In short, there is a reasonable possibility that we may be a bit early in our call to begin deploying into equities today! Unfortunately, trying to time an exact bottom in markets is a fools’ errand. Instead of attempting this, we are relying on discipline, process, and our advantages as a long-term investor to help us navigate what is an admittedly volatile and at times scary market. We maintain our flexible and nimble stance, we stand ready to take further actions in coming weeks as market conditions and our assessments change, whether that be deploying further into weaker markets, or de-risking if conditions require it.

Discipline and diversification remain an investor’s best friend in trying times

Abstracting from the tactical moves that we are making today, we think investors should also not lose track of the fundamental importance of discipline and diversification in their long-term investment strategies. As we discussed in our April 2025 Special Report ‘Staying the Course’, we have spent recent years emphasising the significance of building robust portfolios that are diversified across asset classes and risk factors, and not overly exposed to any particular style or theme. 
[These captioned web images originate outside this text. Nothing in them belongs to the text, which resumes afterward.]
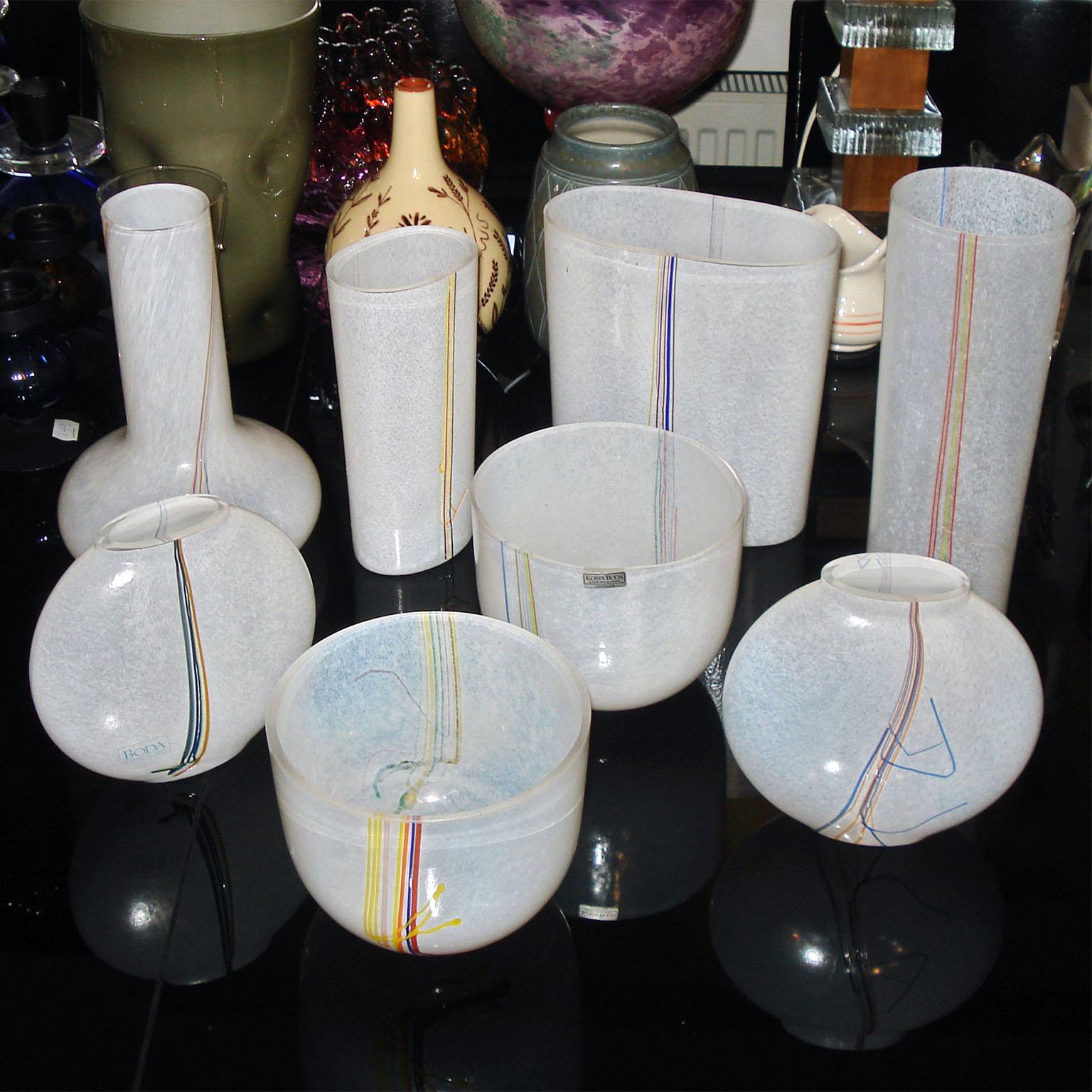 Decorative glass vases with multicolored strands of glass to the sides, designed and made by Bertil Vallien for Kosta Boda. Some of them signed to the bottom, some wearing manufacturer label.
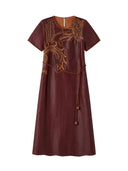 Front product view of the wine-red Hongyunsha silk dress with botanical embroidery and a waist tie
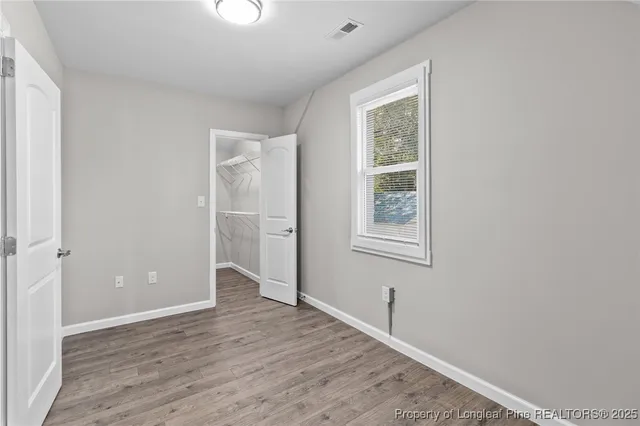 an empty room with closet and windows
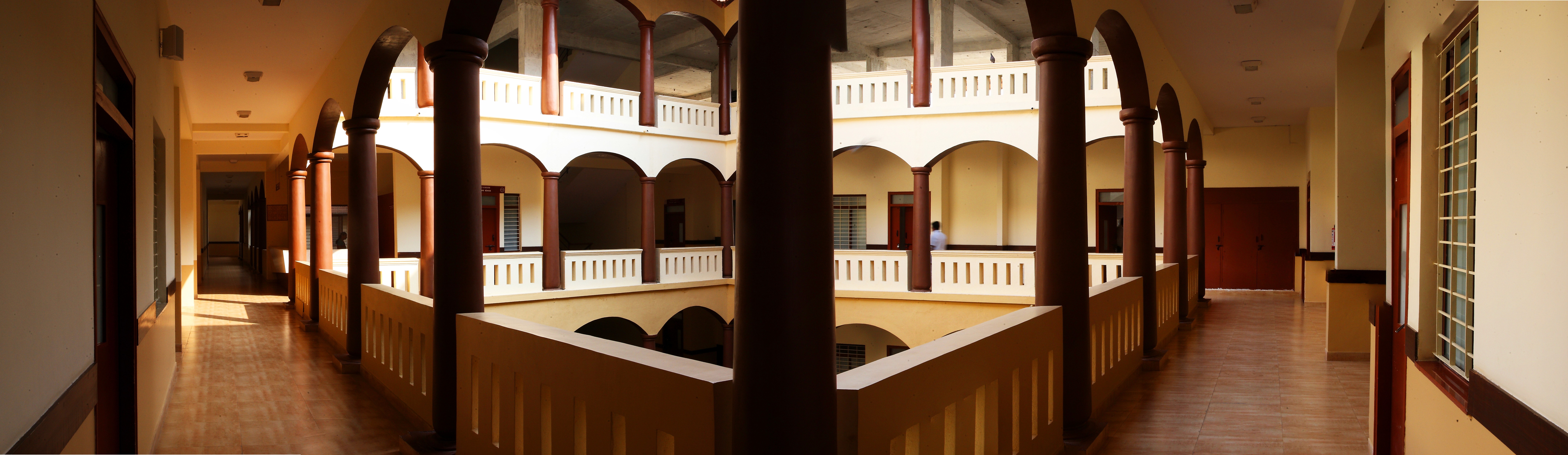 A winding road cuts through rocky terrain, surrounded by patches of green grass and illuminated by sunlight.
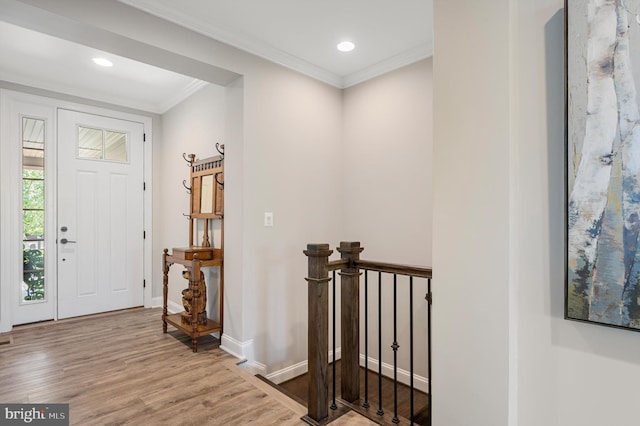 entrance foyer with light hardwood / wood-style floors and ornamental molding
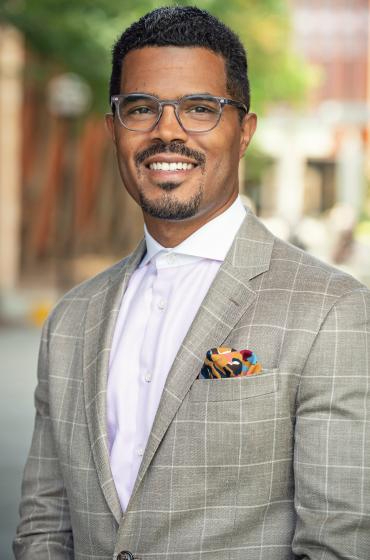 Charles Davis standing outside in suit coat and shirt, no tie
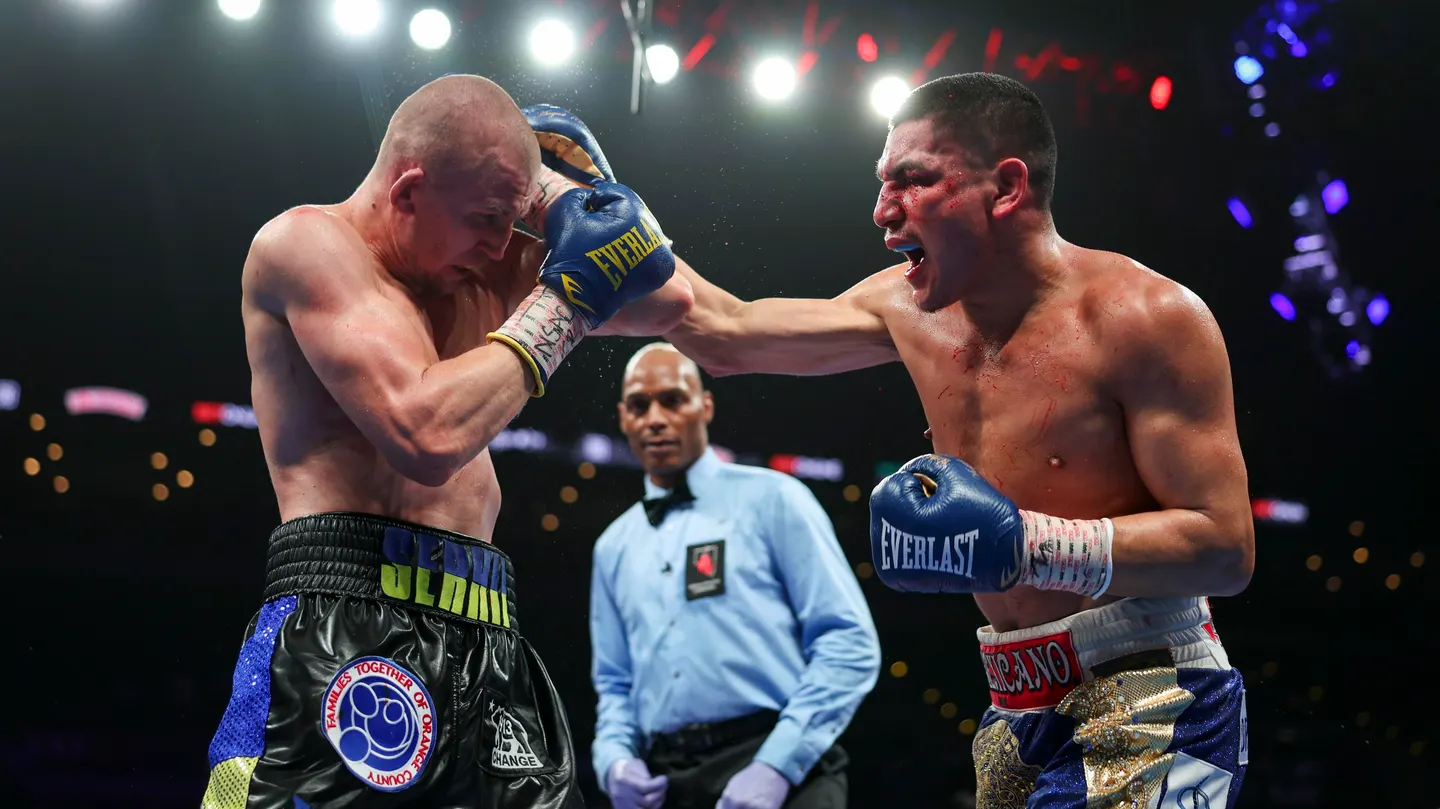 Ortiz survives two knockdowns, defeats B...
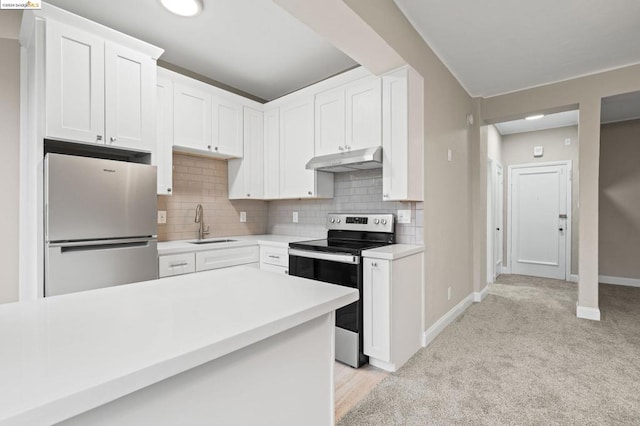 kitchen featuring decorative backsplash, light carpet, stainless steel appliances, sink, and white cabinets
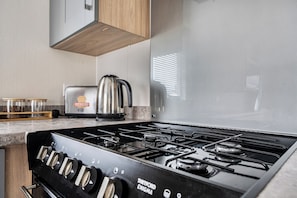 A kitchen with a gas stove, a kettle, and a toaster. - Primrose Valley 3-Bed Caravan, Sleeps 8, Pets Ok (Filey)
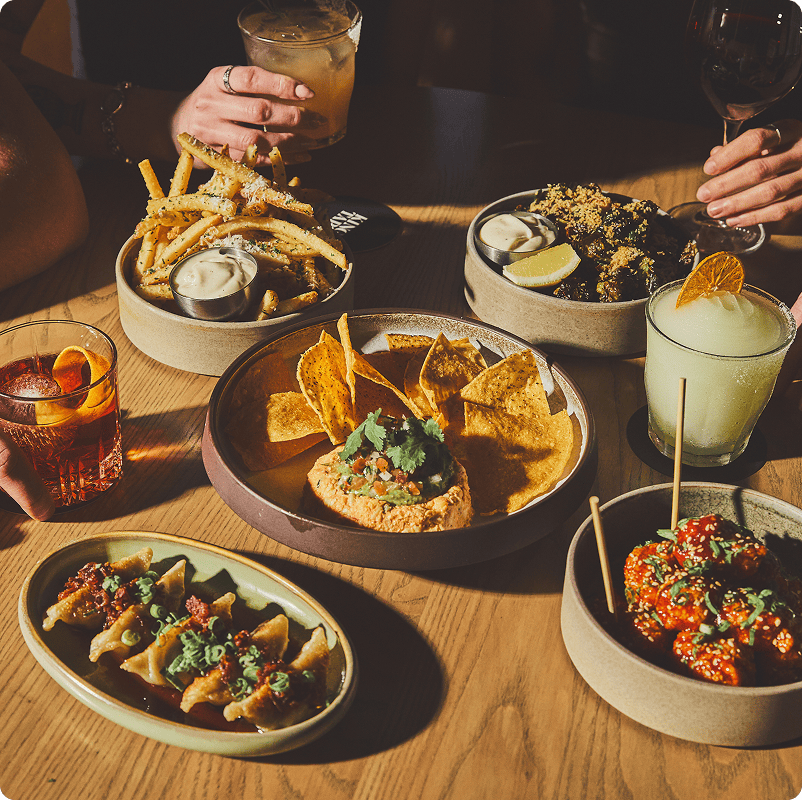 Shareable plates and cocktails for happy hour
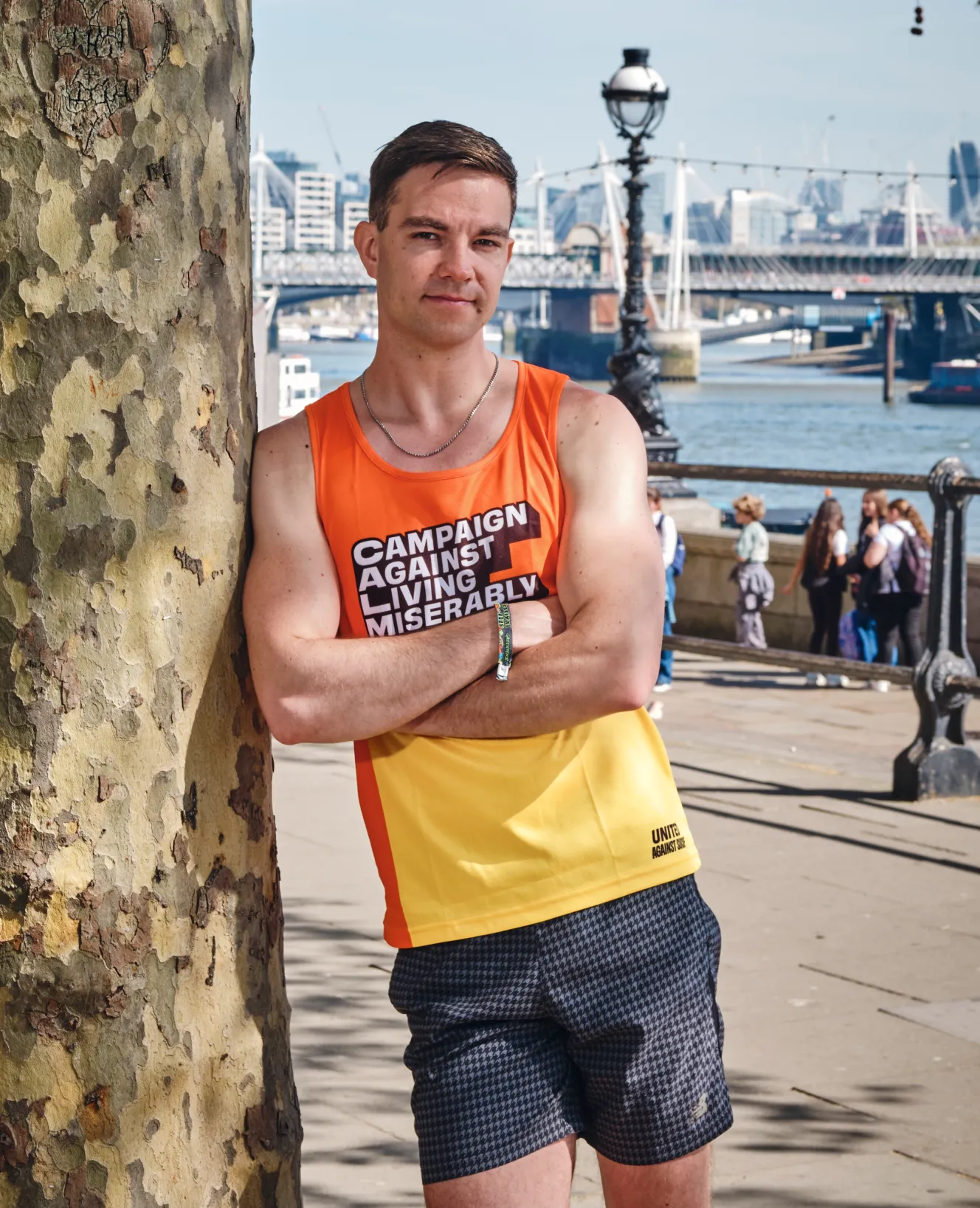 Aubrey Allegretti standing with arms crossed, leaning against a tree, wearing an orange and yellow "Campaign Against Living Miserably" vest.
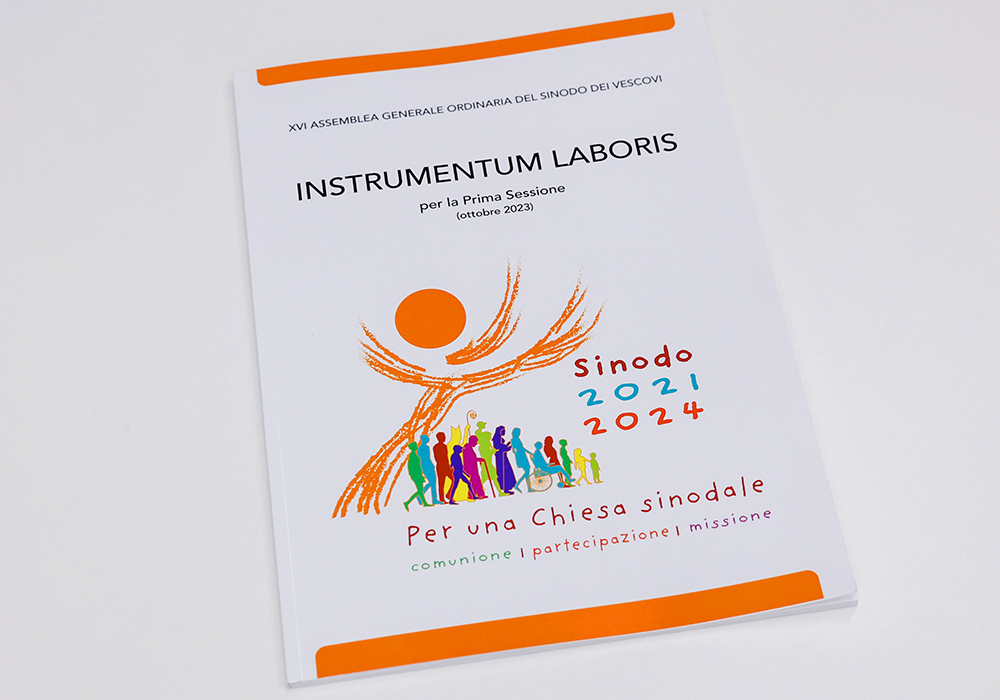 A printed copy of the instrumentum laboris, or working document, for the world Synod of Bishops on synodality is seen in the Vatican press office June 20. (CNS/Lola Gomez)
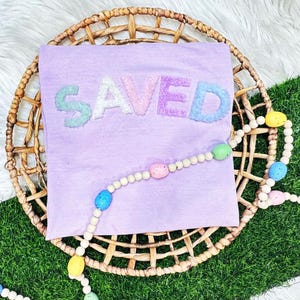 May include: A lavender t-shirt with the word "SAVED" in pastel-colored, textured letters. The shirt is displayed on a woven basket, with a beaded garland featuring colorful egg-shaped beads.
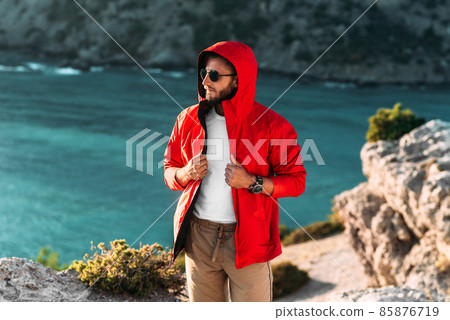 Portrait of a brutal bearded man in a red jacket by the sea. Male portrait on the background of a seascape. A traveler on the background of the sea coast. A man in a jacket at sunset 85876719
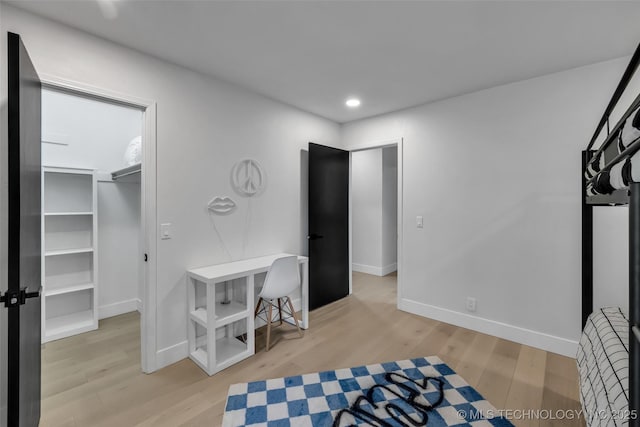 interior space featuring a walk in closet and light wood-type flooring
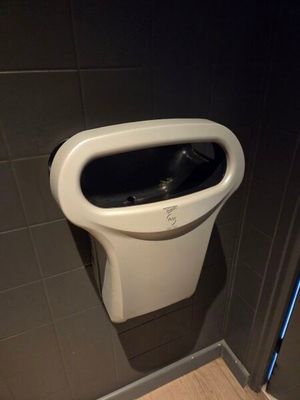a urinal in the corner of a bathroom stall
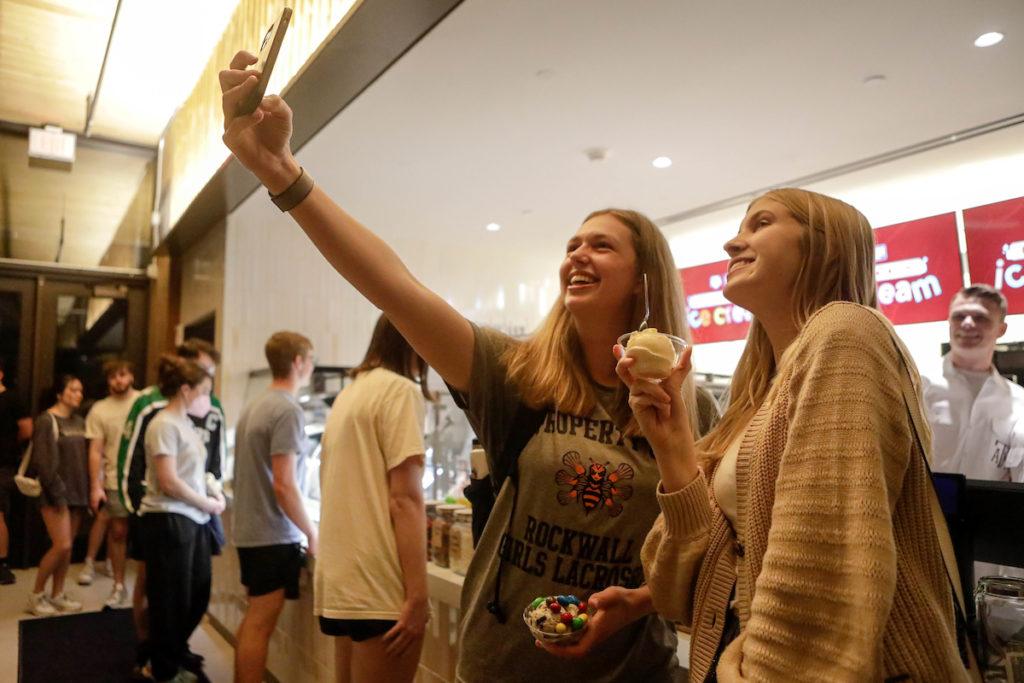 Two female students hold up a cell phone as they pose for a selfie inside the creamery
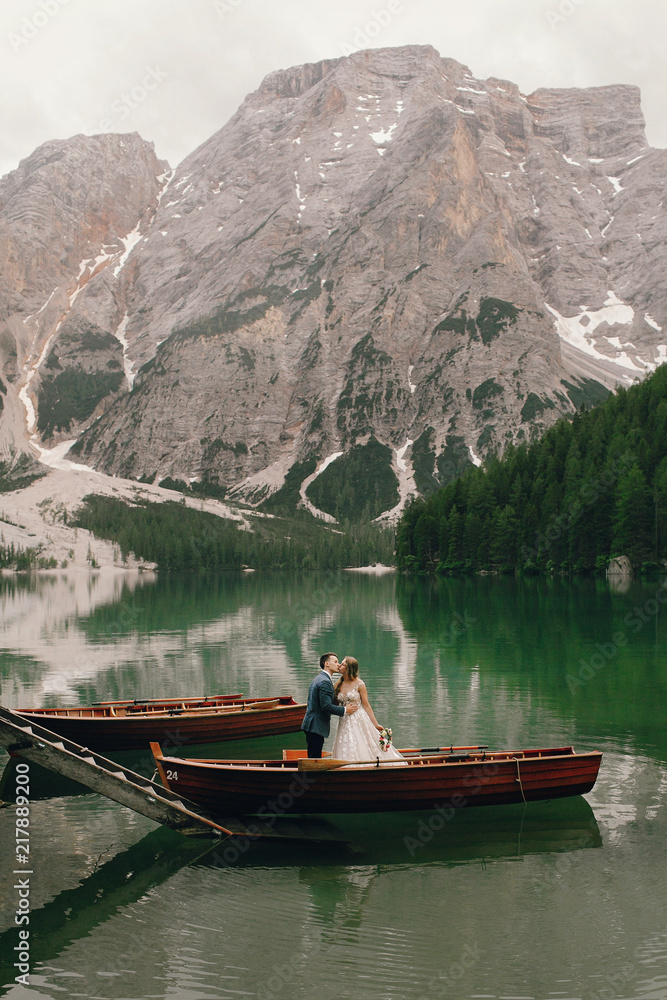 Bride and groom enjoy the moment standing in the boat somewhere in Italian Dolomites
This disciplined, multi-asset approach is core to our investment philosophy and process, and will play a crucial role in helping investors navigate short-term shocks such as these. To provide some preliminary context as to the power of diversification, as of 10 March 2026, the S&P/ASX 200 Index has lost about 5%, while the MSCI World Index is down around 2% since the start of March. In contrast, we estimate that a diversified, multi-asset Balanced portfolio has lost around 1% over that period, cushioning astute investors and putting them in a solid position to begin leaning in while others are panicking.

Key takeaways 

  1. It’s been another turbulent week across financial markets as investors deal with the ongoing (and in many cases, escalating) conflict in the Middle East precipitated by the 28 February 2026 strikes by the US and Israel across Iran. Throughout this period, we have continued parsing developments through our constraints-based framework and tracking the key signposts that we identified in our 3 March 2026 Special Report as the conflict commenced.

     

  2. Clearly, the situation on the ground remains highly uncertain, with Iran recently selecting Mojtaba Khamenei as its new Supreme Leader, while the conflict continues to escalate and broaden to include vital energy and social infrastructure across the region. We acknowledge these extreme levels of uncertainty, but we believe that we have seen sufficient signs of market-based stress, and sufficient (nascent) signals that negative policy momentum may be peaking, to justify beginning to deploy modestly into the market.

  3. We do this with the open and humble recognition that we may be early, and that downside risks (including further escalation of the conflict and further damage to the global economy and markets) remain highly visible. We retain a flexible and nimble stance and stand ready to make further changes to our tactical positioning in coming weeks should the situation warrant.